Pauline : Nous avons la chance d’évoluer en partie dans des milieux institutionnels, et c’est super d’avoir le soutien de personnes qui suivent ce que l’on fait, mais ce sont souvent des gens assez favorisés, éduqués, qui ont un accès privilégié à l’information et à la création. Les actions activistes sont essentielles à nos yeux, car elles nous permettent d’aller chercher d’autres personnes, auxquelles on ne s’adresse pas assez — et qui seront les premières touchées par la dégradation du climat et le renforcement des inégalités qu’elle engendre.
On veut que notre révolution soit joyeuse.
Jade : C’est un enjeu permanent, surtout lorsque tu travailles avec des délais et des budgets restreints. Tu veux tourner un court métrage en éco-prod ? Tu veux faire du maquillage avec des matériaux bio ? Les premières personnes à se manifester seront déjà hyper sensibilisées et viendront généralement des mêmes milieux.
Pauline : C’est aussi pour ça que nous cherchons à rassembler des danseur·euses de styles variés, avec des esthétiques différentes, mais aussi des morphologies différentes, des couleurs de peau différentes.

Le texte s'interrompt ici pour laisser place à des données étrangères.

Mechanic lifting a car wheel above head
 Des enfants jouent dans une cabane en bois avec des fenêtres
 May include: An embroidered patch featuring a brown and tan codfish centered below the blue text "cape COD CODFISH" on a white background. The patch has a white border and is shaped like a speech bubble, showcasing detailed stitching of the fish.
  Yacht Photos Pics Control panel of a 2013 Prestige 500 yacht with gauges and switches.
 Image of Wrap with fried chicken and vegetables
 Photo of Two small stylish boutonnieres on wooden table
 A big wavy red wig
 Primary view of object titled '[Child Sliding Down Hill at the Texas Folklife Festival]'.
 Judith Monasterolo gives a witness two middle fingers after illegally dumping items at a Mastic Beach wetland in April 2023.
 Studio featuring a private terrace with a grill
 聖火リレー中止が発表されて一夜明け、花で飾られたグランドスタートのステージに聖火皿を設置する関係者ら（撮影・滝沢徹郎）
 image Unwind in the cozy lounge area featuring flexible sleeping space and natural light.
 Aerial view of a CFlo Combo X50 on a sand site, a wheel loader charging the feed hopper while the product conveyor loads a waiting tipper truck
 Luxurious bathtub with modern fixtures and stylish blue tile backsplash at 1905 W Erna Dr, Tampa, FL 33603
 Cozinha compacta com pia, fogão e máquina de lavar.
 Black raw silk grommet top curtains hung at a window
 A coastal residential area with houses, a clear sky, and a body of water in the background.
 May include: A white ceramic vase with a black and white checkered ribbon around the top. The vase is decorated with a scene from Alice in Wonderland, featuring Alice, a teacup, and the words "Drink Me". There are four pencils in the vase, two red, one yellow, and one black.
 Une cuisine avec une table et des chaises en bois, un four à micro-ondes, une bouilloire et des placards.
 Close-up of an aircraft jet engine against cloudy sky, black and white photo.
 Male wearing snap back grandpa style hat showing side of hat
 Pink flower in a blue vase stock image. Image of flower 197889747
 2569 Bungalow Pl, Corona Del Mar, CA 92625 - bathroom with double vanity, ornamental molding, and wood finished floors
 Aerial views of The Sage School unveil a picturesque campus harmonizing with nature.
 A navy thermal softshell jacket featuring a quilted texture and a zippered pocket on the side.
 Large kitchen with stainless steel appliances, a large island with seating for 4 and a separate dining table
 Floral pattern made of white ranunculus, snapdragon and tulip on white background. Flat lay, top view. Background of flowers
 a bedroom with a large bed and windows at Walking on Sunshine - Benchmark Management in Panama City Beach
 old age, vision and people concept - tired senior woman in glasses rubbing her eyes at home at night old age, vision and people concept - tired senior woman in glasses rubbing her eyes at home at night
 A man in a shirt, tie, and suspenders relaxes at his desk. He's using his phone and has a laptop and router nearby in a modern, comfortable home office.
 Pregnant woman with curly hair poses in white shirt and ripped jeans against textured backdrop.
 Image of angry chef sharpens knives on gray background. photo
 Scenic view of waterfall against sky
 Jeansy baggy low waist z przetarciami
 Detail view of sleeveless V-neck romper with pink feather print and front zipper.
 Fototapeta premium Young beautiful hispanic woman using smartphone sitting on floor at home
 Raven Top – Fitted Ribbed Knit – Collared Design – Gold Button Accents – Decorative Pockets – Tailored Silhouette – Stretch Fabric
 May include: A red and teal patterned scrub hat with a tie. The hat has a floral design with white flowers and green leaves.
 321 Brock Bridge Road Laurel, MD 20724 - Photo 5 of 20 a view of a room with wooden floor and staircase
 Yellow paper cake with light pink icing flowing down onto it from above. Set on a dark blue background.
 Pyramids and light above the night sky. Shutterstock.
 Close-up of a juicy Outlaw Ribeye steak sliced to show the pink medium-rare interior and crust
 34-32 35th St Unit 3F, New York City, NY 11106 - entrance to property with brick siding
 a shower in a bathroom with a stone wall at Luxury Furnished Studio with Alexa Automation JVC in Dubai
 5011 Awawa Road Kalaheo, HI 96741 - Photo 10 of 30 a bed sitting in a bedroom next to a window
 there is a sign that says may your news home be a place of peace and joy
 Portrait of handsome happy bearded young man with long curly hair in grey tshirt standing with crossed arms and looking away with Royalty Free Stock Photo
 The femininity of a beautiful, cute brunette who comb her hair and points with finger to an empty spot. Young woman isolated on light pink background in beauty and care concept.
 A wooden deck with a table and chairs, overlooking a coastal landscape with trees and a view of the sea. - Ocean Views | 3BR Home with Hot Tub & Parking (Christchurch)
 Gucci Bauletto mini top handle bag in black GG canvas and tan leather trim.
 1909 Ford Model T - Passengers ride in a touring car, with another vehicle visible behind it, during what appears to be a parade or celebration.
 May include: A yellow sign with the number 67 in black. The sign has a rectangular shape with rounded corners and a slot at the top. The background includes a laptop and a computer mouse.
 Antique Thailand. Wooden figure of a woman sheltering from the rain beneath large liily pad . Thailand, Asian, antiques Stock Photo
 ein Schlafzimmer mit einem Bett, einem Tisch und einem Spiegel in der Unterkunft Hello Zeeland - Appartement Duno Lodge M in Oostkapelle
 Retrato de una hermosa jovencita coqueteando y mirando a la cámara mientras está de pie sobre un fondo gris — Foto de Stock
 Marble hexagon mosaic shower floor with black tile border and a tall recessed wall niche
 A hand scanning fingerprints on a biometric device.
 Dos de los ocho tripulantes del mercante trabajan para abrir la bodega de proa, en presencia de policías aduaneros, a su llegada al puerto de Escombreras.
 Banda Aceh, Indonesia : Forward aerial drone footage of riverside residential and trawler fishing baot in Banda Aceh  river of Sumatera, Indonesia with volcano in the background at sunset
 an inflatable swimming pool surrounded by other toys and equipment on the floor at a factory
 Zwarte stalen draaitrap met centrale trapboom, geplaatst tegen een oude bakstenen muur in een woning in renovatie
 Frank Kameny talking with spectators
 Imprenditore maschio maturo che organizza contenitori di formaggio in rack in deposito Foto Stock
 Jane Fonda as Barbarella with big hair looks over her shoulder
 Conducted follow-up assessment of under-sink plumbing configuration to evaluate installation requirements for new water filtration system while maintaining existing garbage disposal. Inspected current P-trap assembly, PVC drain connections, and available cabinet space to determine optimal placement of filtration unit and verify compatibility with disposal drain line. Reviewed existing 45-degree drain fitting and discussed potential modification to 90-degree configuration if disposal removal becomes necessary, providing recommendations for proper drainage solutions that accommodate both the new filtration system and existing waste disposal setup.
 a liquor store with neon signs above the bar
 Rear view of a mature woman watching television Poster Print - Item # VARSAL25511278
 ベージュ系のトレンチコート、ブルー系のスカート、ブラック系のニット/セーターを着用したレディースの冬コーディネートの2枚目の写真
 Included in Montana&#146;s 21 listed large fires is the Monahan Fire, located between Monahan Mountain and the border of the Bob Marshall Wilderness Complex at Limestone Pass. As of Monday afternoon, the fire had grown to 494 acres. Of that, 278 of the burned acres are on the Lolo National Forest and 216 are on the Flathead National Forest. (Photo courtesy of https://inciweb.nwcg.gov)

On veut que nos actions reflètent la société telle qu’on la voit. Et on veut que notre révolution soit joyeuse.
Derrière vos chorégraphies, il y a souvent un propos précis, qu’il s’agisse par exemple de l’opposition au projet EACOP ou, dans Écume, du franchissement de la cinquième limite planétaire. Comment fait-on pour ne pas tomber dans quelque chose d’un peu lourd et premier degré, pour rester justement dans l’émotion, le sensible ?
Pauline : Une thématique va nous servir de point de départ, mais au final c’est le corps qui se l’approprie ; ce n’est pas du théâtre, il n’y a pas de texte. Le fait que nous ayons des styles de danse très différents au sein du collectif nous oblige aussi à inventer notre propre écriture chorégraphique. On a des danseur·euses de waacking, de hip-hop, de classique, contemporain, électro, jazz…
Et nous en recrutons de nouvelles·aux pour chaque projet. Comme nous co-chorégraphions souvent, il faut tisser des liens entre les univers de chacun·e. Lorsque j’écris, je peux avoir une idée assez précise de ce que je veux raconter, mais dès que l’on commence à danser, tout cela laisse place à l’improvisation, à l’ouverture à l’autre.
On sait que cela va toucher chaque personne du public différemment ; elles ne repartiront pas toutes avec le même message. Parfois, elles comprennent exactement ce que nous avions en tête ; parfois, elles vont y voir tout autre chose. Mais si l’on parvient à provoquer quelque chose d’intérieur, une étincelle, et même si c’est tout petit… Si ça peut amener quelqu’un à s’interroger sur les raisons qui nous ont poussées à tous·tes nous retrouver en sueur, à danser ensemble, le contrat est rempli.